Task -
Output, exactly and in full, only the lines from the one containing "Studio Proche Gare Et Commodités" to the last line of the data. Pictures should not appear.
---
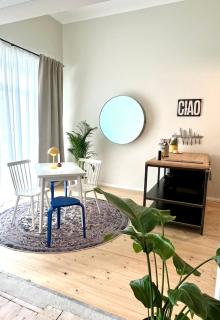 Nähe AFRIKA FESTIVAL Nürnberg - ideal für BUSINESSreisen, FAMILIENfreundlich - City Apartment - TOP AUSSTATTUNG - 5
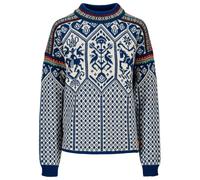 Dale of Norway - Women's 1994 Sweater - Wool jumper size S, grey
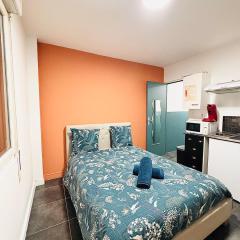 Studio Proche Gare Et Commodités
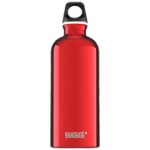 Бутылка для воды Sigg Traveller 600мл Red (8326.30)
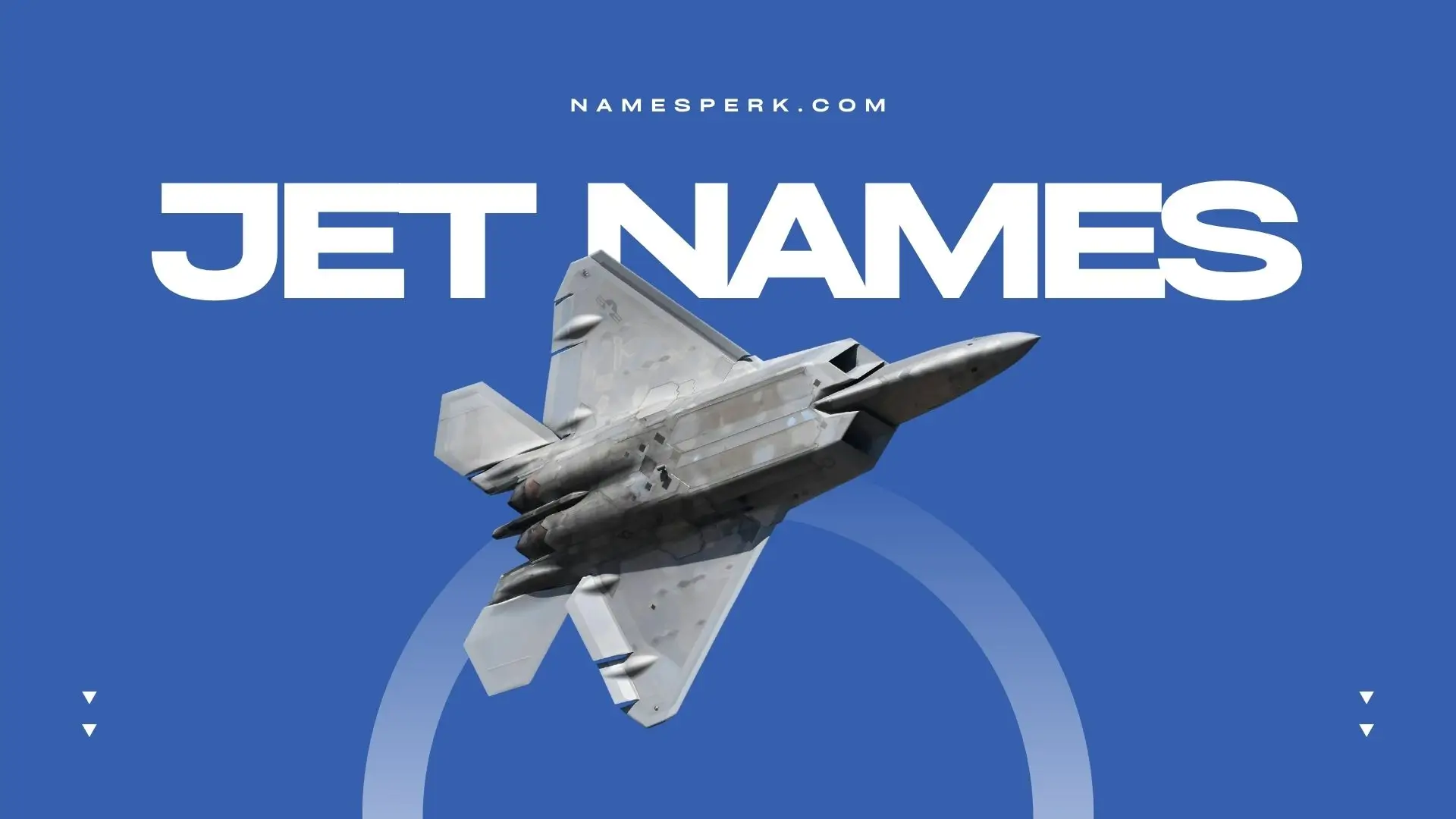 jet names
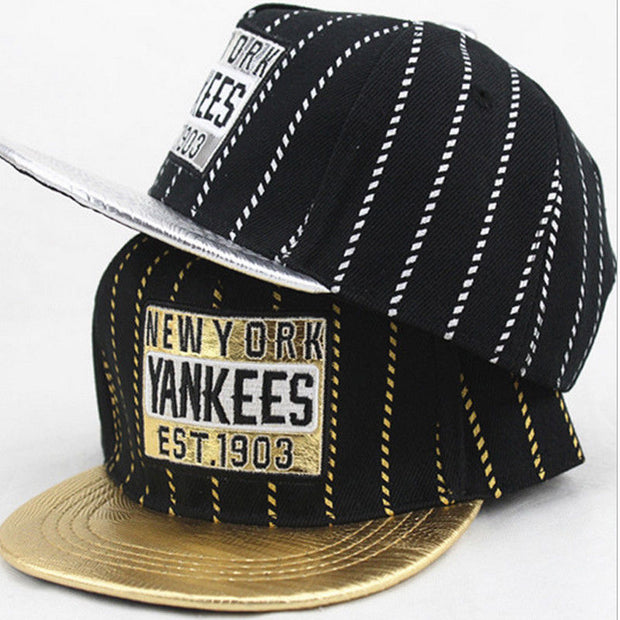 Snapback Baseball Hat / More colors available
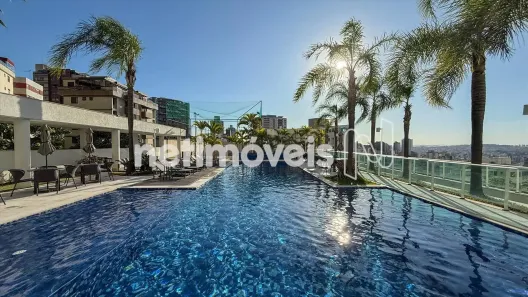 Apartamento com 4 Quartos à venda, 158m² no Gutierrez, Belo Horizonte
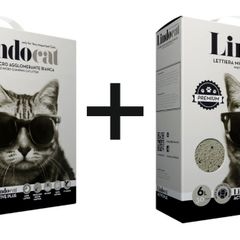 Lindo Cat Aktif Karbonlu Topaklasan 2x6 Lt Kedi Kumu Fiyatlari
---
Solution -
 Studio Proche Gare Et Commodités
 Бутылка для воды Sigg Traveller 600мл Red (8326.30)
 jet names
 Snapback Baseball Hat / More colors available
 Apartamento com 4 Quartos à venda, 158m² no Gutierrez, Belo Horizonte
 Lindo Cat Aktif Karbonlu Topaklasan 2x6 Lt Kedi Kumu Fiyatlari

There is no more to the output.